The Canadian Dollar has come under pressure because economic data out of Canada has gone against the optimistic outlook from Stephen Poloz and the Bank of Canada (BoC). Let’s take a look at the USD/CAD and prepare ourselves for the upcoming BoC statement as well as other fundamental risks this week.
The USD/CAD has been rallying sharply from a low on the year at 1.1903 to 1.2447 this week before stalling ahead of the BoC statement. We can see that price action has shifted from a bearish market to a bullish one, breaking above key resistance levels as well as the 200-, 100-, and 50-period SMAs. The RSI has also pushed above 70 and held above 40 after a pullback. This bullish swing is not only due to the soft CAD but can be mostly attributed to the recent USD-strength. The fundamentals should support further upside.
However, as we have seen in this year’s BoC statements, Stephen Poloz seems to be optimistic about the economy despite many calling for a rate cut. now, if price falls back below 1.24 after the BoC statement, it would probably be due to a non-dovish BoC statement.

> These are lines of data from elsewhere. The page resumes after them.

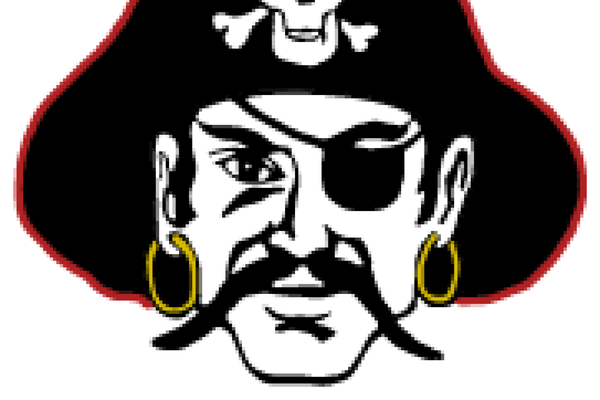 Earlville softball drops season opener: The Times Monday Roundup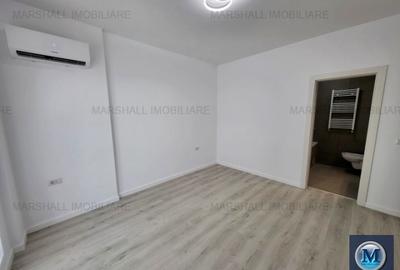 Apartament 4 camere de inchiriat, zona Albert, 104 mp #17156 - 8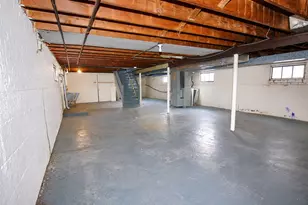 14301 S Edbrooke Ave, Riverdale, IL 60827 - Photo 9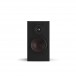 DALI Opticon 2 MK2 Satin Black Bookshelf Speakers (Pair)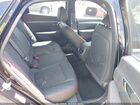 2020 Hyundai Sonata Sel Plus Black vin: 5NPEJ4J28LH048833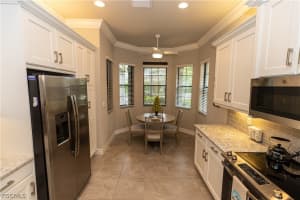 11593 Lakewood Preserve Place, Fort Myers, FL 33913 - MLS#2026008082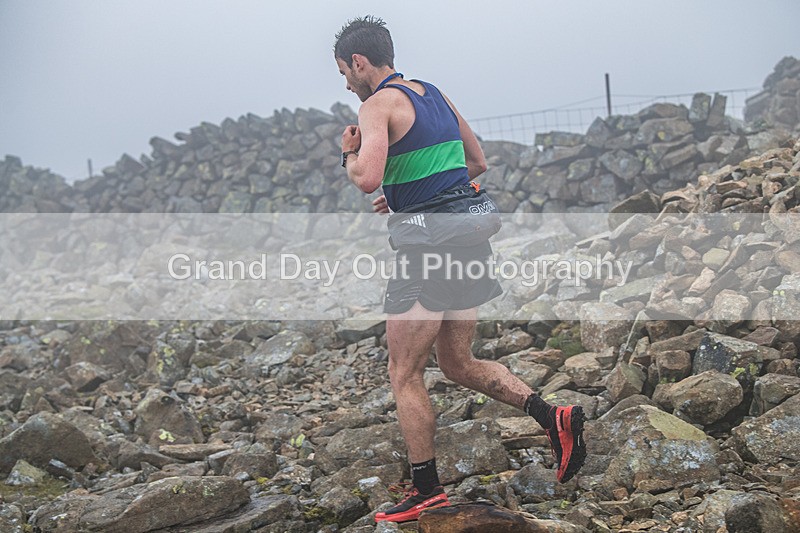 Ennerdale-48 - Ennerdale Horseshoe Fell Race Saturday 6th June 2026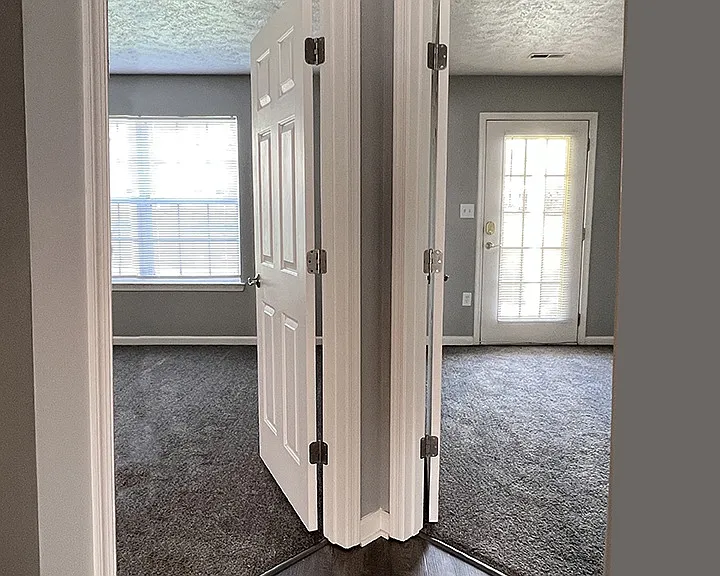 Buttonwood Gardens Apartments — Photo 14
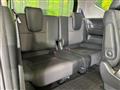 2023 Honda Freed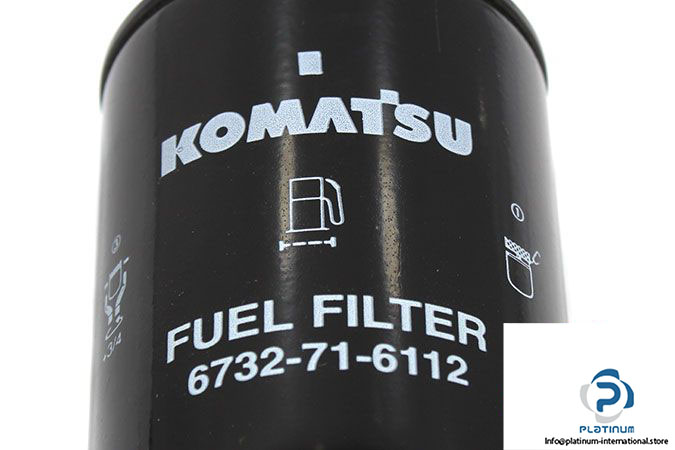 komatsu-6732-71-6112-fuel-filter-3
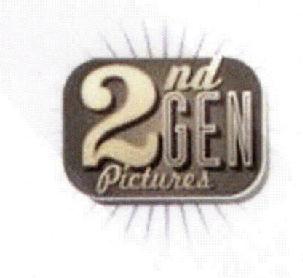 Imagen de 2ND GEN PICTURES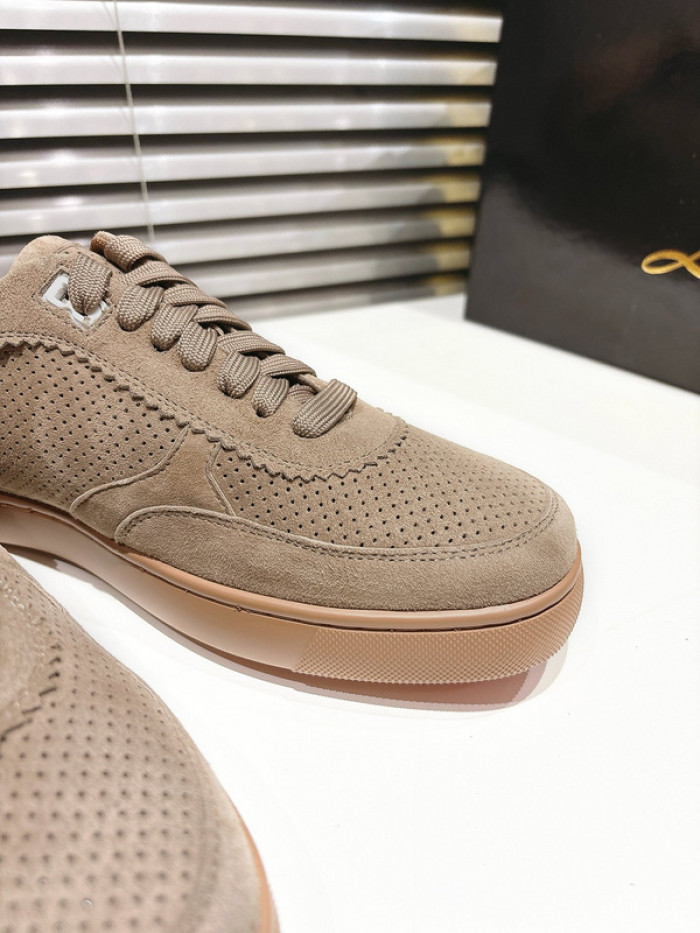 CL SNEAKER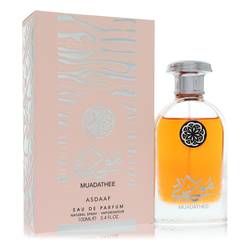 Lattafa Asdaaf Muadathee (Unisex) By Lattafa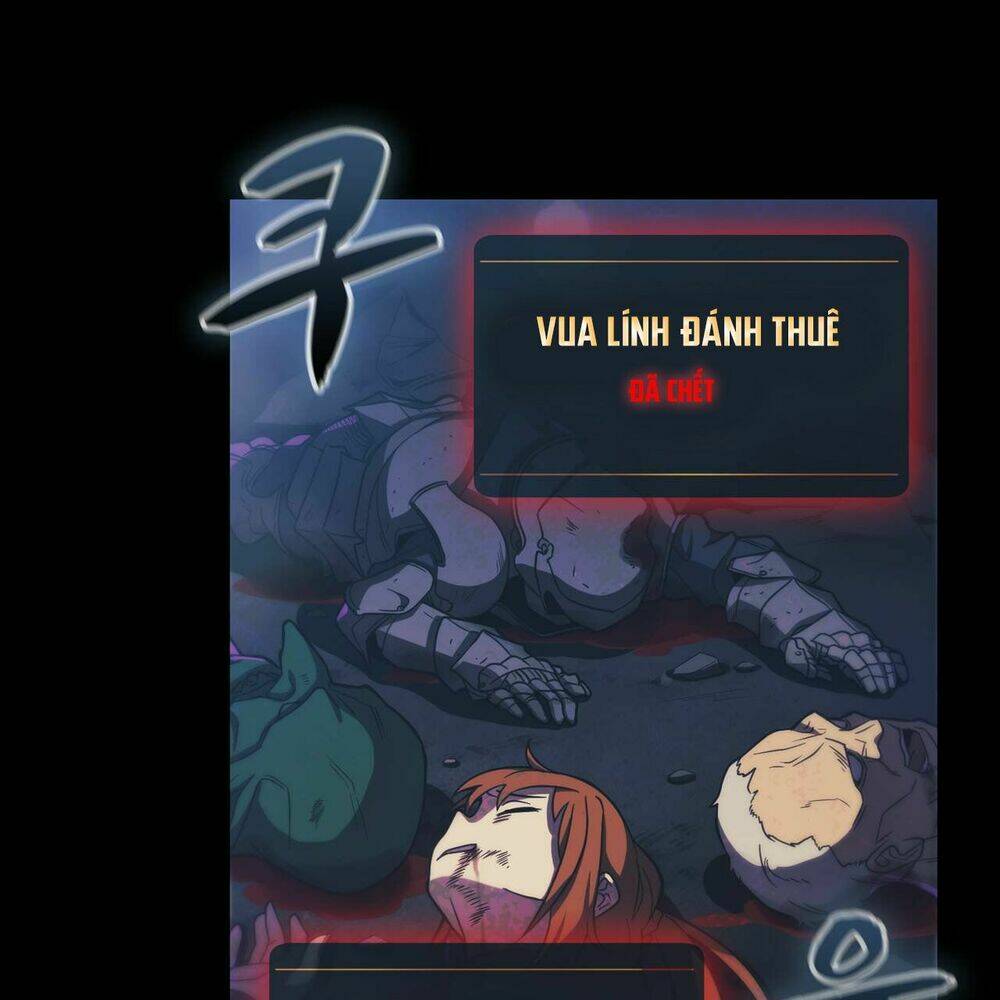 page_23.jpg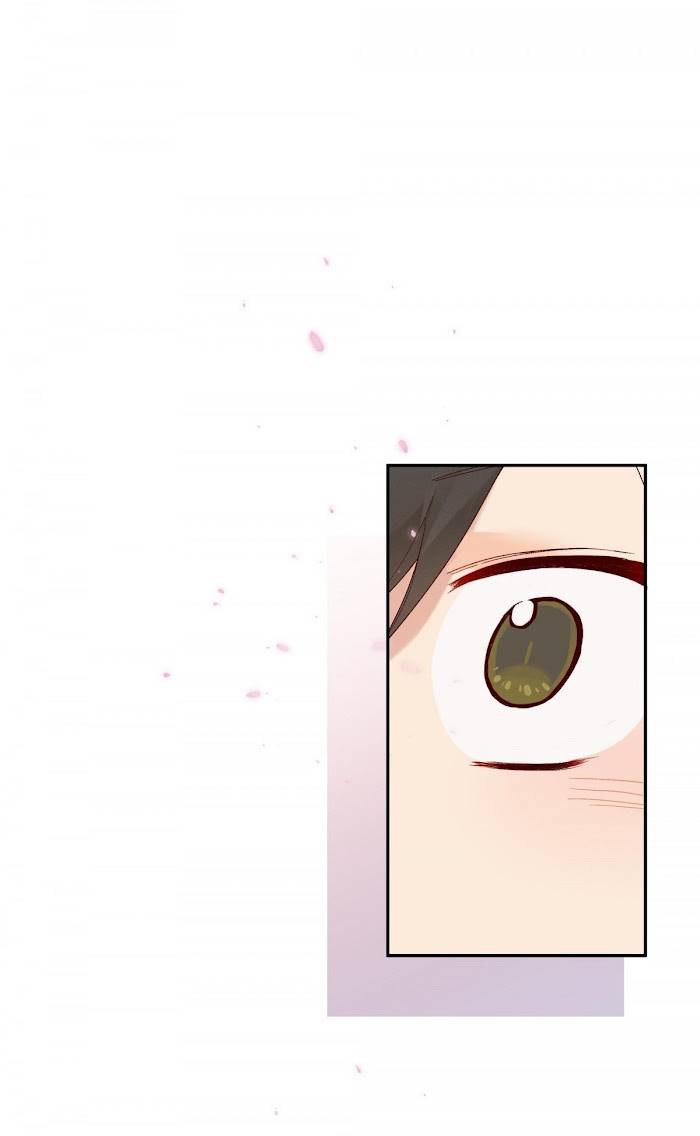 Page 51 of Chapter 34
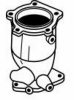 SIGAM 38321 Catalytic Converter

However, because there is a key US GDP release on Friday, we should limit our bearish outlook on the USD/CAD and look out for support first around the 1.2256 support/resistance pivot, especially if the RSI is able to turn up before breaking below 40. In this scenario, we should look for USD/CAD to come back to the highs on the year around 1.28.
Now, if USD/CAD continues falling, the next key support will be around 1.2163, which is another support/resistance pivot. A bullish market should hold above this pivot, so let’s see how the market reacts after Friday’s GDP data.
If USD/CAD does not fall below 1.2163, or does but rebounds above 1.2163 to close the week, we should look for a bullish continuation scenario.
To the downside, a break below 1.21 will likely be needed to convince the market that USD/CAD is still bearish, which puts the 1.19-1.1905 area in sight.